I have an awk script which is called by:

awk -f myawkfile.awk arguments

The awk script is called into my bash script using the same mentioned call.

Can I, instead of calling the awk script declare it as a function in my bash script. I thought it would be easy by writing an awk in front and back ticking the whole code, then to assign a function name to call it at will. Somehow it doesnt do the trick.

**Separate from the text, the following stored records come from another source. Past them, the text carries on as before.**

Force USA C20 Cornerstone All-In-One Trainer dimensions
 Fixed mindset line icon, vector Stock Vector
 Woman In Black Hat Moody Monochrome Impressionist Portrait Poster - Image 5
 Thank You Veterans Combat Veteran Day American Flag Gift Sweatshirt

I am trying to do this because I don't want my script to have dependency on another script. And I am not the one who wrote the awk script. It takes a file as input , does some stuff and gives back the modified file which is used in my script.

Answer 1

Using heredoc notation one can write something like this

#!/bin/bash

awk_program=$(cat << 'EOF'
    /* your awk script goes here */
EOF
)

# ...

# run awk script
awk "$awk_program" arguments

# ...

Answer 2

Just write the awk script in a function:

#!/bin/sh -e

foo() { awk '{print $2}' "$@"; }
foo a b                         # Print the 2nd column from files a and b
printf 'a b c\nd e f\n' | foo   # print 'b\ne\n'

Note that the awk standard seems ambiguous on the behavior if the empty string is passed as an argument, but the shell guarantees that "$@" expands to zero fields rather than the empty string, so it's only an issue if you invoke foo with an empty argument.